7 Habits Of Successful Under 30s
Embrace the unexpected
Everyone has different methods and habits that to lead to their success, especially entrepreneurs.
For me, the most important quality is being flexible. There have been times where I’ve had to fly to a different continent on a moment’s notice, extend a business trip for weeks at a time, or drop everything to solve a time sensitive issue. It’s being able to address these unexpected turns that has allowed me to become the entrepreneur I am today. One of the best habits for entrepreneurial success is embracing the unexpected and being flexible in times of uncertainty.
– Lisa Besserman, founder, Startup Buenos Aries
2. Step outside your industry
As young ambitious people, we can get stuck in our little industry bubbles, reading and taking in all the info we can find so that we can have “facts” and sound we know what we’re doing. I have seen that living outside your industry allows you to develop radically new insights and potentially revolutionary perspectives. You’ll be so fresh, people in your industry will be like, ‘What?!’ So go ahead, binge watch Netflix, have ton of friends and activities outside your industry, do deep research into some random topic. Live outside your industry, or better, live beyond it.

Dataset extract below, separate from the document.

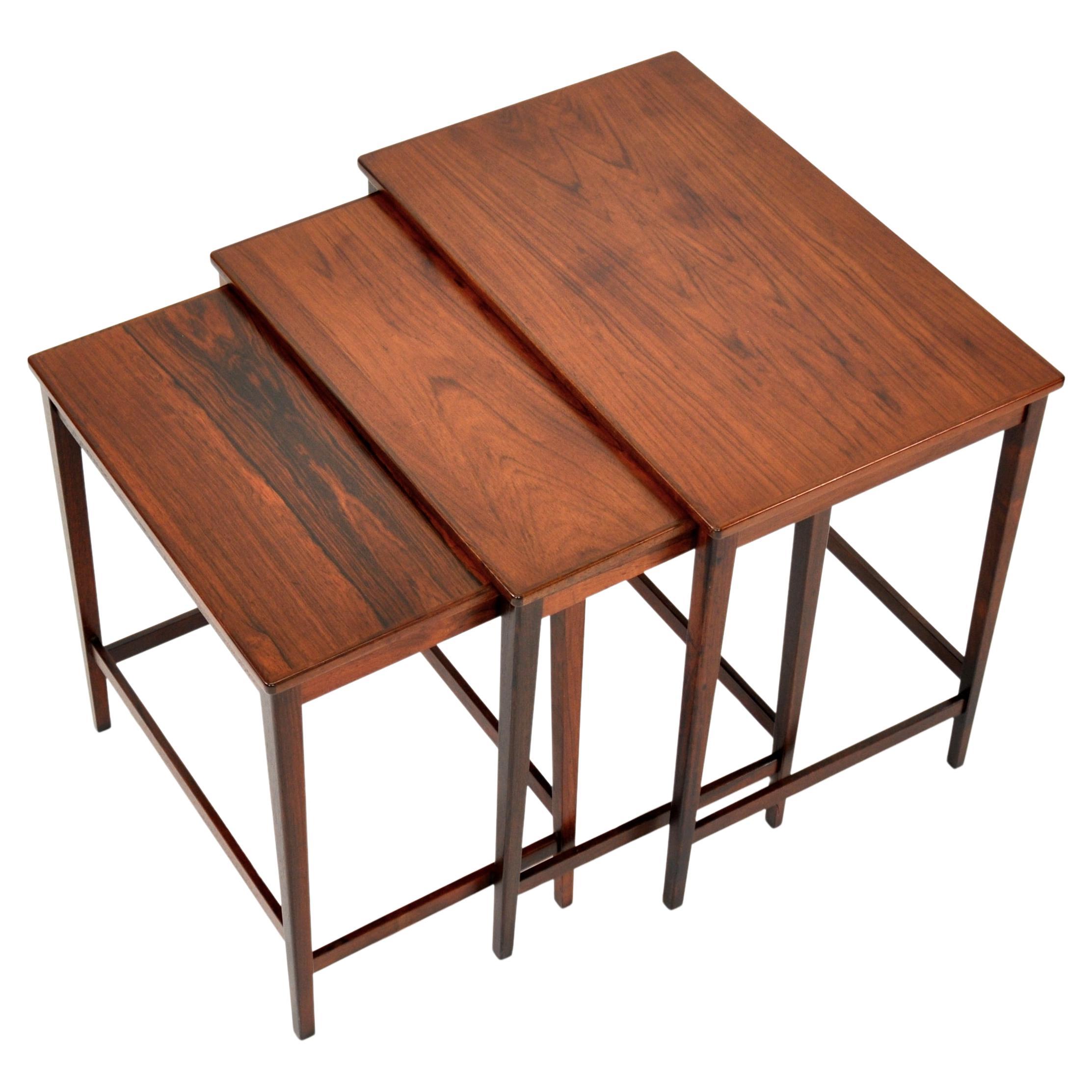 Mid-Century Modern Danish Modern Set of Rosewood Nesting Tables For Sale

- Toro Orero, managing partner, DraperDarkFlow
3. Enjoy the ride
I’ve been reminded far too often this year that entrepreneurship is a journey, and not a destination. As entrepreneurs we can get so caught up in our end games that we forget to appreciate the small victories along the way. The long days of work, that turned into even longer nights. That first deal you brokered (that didn’t make you an instant millionaire as planned). Even the failures, because at the end of the day it was all a part of this amazing journey. We’re on the best roller coaster rides of our lives. Just sit back and enjoy the ride.

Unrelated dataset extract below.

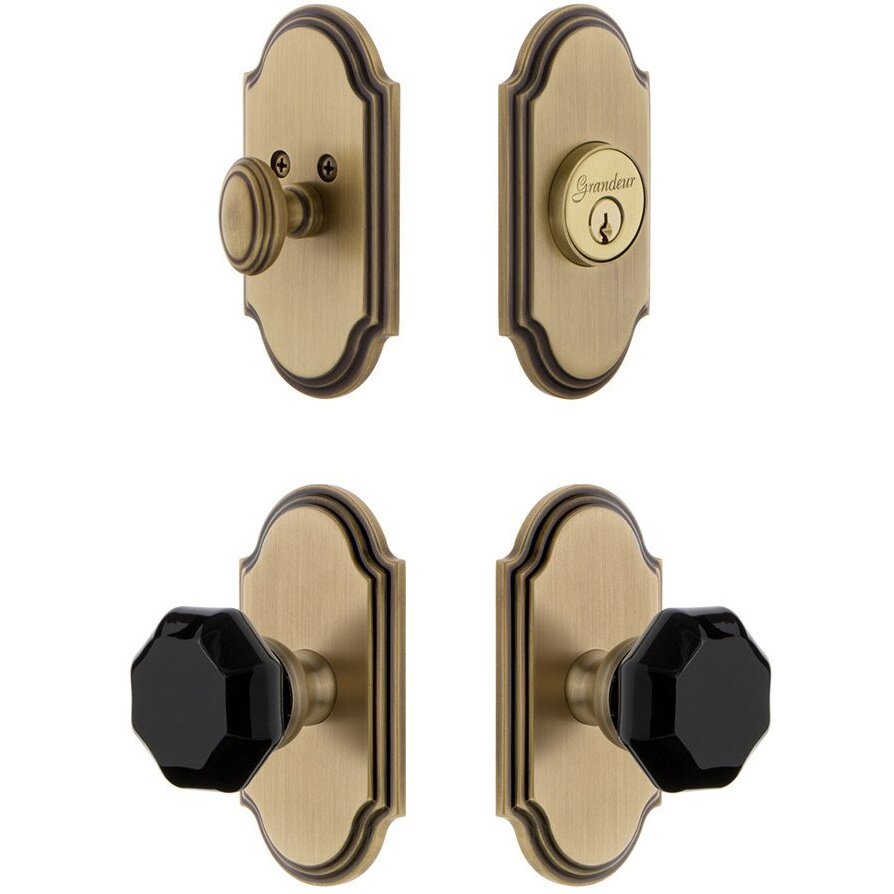 Arc Plate with Lyon Knob and matching Deadbolt in Vintage Brass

– Brandon Norman, partner, Everybody Eats Company
4) Make time for mentors
To be successful, you must have a good mentor: one that will disagree with you, who will challenge you, and who will have the courage to tell you when you are wrong. Through the value of mentorship, your ability and tact as a leader is refined, and your ideas are sharpened by those who have gone before you and have learned valuable lessons. Mentors are critical. No matter how busy youbecome, make time for your mentor and time to mentor others. Mentorship could be the most important investment you make.
– Tori Utley, founder, Tinua
5. Don’t ask for permission
“Don’t react to the world. Let the world react to you.” We will often be “the only” in a room – whether it’s the only woman, foreigner, person of color or person under 30. When I was “the only,” I found myself asking for permission so that I wouldn’t “overstep” boundaries or not being my authentic-self so that I could make people feel more “comfortable.” I quickly learned that in order to lead I couldn’t give anyone that much power over me. If I wanted to truly lead I had to become comfortable with allowing the world to react to me versus me reacting to the world.

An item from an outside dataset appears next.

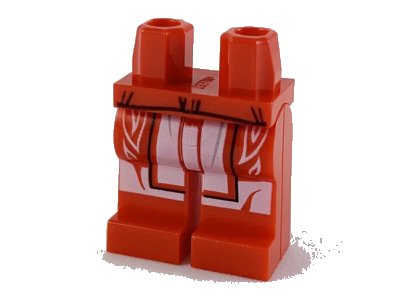 LEGO onderdeel Hips and Legs with White Flames, Apron and Knees Pattern (970c00pb0987)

– Kerhyl Gantt, brand manager, Nike
6) Pause. It’s good for the soul
Too often, we get caught up in the moment of daily responsibilities. No matter your trade, the demands of digital working environments and constant availability can take their toll. A lack of “unplugging” from these demands can diminish productivity. That’s why my daily routine requires a pause. Standing still for a few moments each day helps me think clearly and refocus on my goals. Whether it’s listening to a favorite song, sitting in silence, or taking a leisure walk, I’ve come to realize that hitting the daily pause button helps reenergize me for what’s next.
– Ana Sanchez, analyst, global marketing and business development, Hitachi Data Systems
7) Spend time with friends
A piece of advice that helps me succeed is keeping one evening a week to spend with my friends. It is hard to do when you are a founder who is always running around trying to keep your priorities on track. But that’s the point. Friends and family should be a priority and not an afterthought. By scheduling in time on my calendar to build and maintain those relationships I am able to keep myself sane and also take a step back and remember what is really important in life.
I love my company and it is a huge part of my life but it does not constitute who I am as a person. My friends keep me grounded and often challenge my assumptions, which usually leads me to better ideas and hypotheses that I can test during the week. They are an invaluable part of my life and I wouldn’t be able to do what I do without their support.